* _Exercise_
Give the lines again exactly as they appear below, from the line with "Reviewer wearing a" to the line with "Children Suffering From", both included, and only those lines. Leave every picture out.

* _Supplied data_
##############################
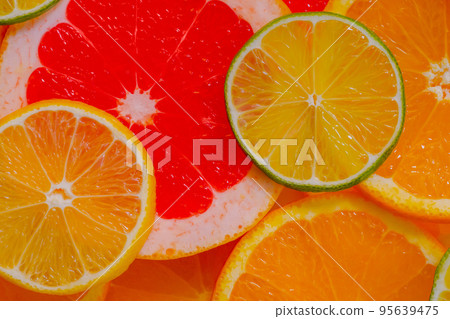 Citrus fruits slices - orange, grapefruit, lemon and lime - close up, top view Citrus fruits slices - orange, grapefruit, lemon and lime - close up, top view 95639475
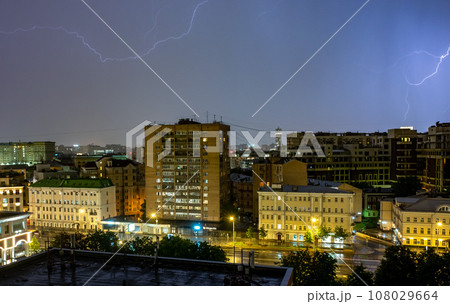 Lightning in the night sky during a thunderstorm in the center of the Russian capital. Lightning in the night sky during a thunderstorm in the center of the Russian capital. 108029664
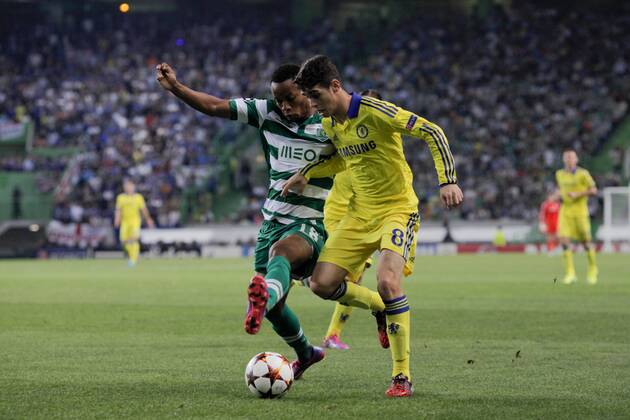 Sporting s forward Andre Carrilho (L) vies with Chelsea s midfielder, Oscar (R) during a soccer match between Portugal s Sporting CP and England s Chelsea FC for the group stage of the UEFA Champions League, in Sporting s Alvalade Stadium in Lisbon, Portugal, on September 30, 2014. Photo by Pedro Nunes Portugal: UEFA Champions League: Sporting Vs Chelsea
##############################
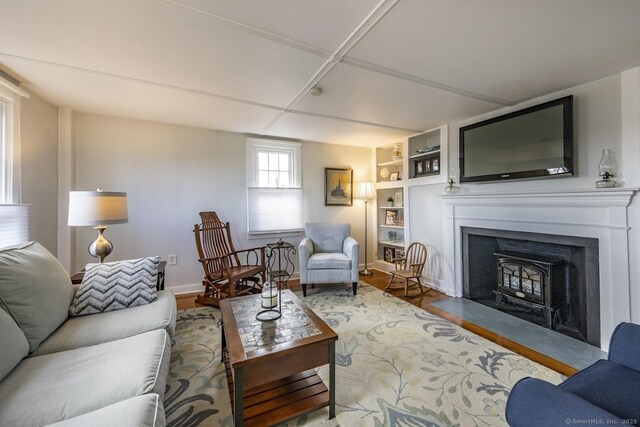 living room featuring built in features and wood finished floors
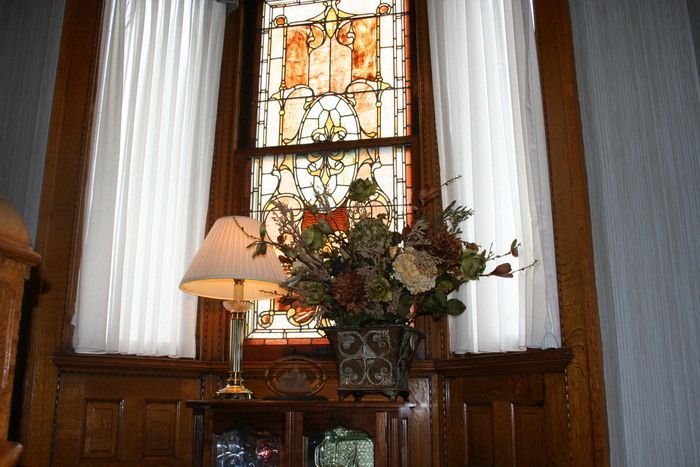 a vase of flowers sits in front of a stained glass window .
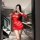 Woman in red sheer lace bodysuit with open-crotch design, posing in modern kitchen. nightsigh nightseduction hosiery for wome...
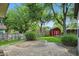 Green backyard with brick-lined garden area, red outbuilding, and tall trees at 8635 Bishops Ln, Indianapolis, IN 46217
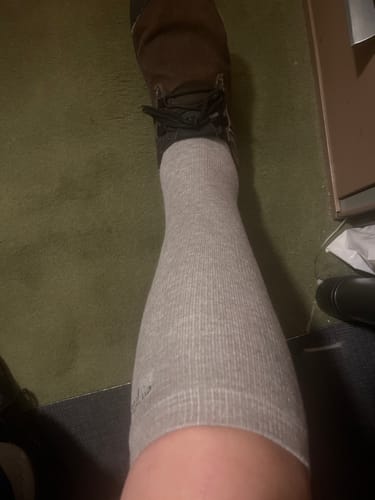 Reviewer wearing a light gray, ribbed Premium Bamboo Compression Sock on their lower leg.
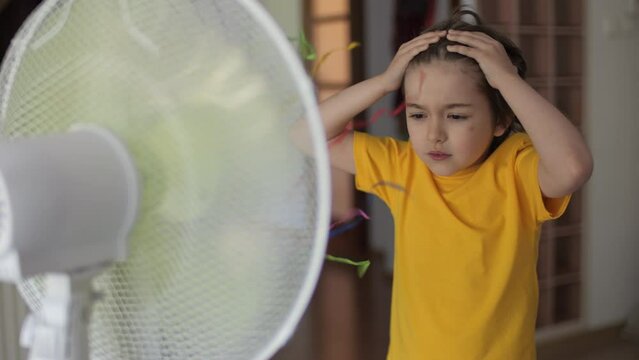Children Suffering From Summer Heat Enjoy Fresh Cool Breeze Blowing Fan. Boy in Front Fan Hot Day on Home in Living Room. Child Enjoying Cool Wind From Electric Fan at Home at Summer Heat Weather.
##############################
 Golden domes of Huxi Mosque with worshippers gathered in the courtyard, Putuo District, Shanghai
##############################
* _Finished exercise_
 Reviewer wearing a light gray, ribbed Premium Bamboo Compression Sock on their lower leg.
Children Suffering From Summer Heat Enjoy Fresh Cool Breeze Blowing Fan. Boy in Front Fan Hot Day on Home in Living Room. Child Enjoying Cool Wind From Electric Fan at Home at Summer Heat Weather.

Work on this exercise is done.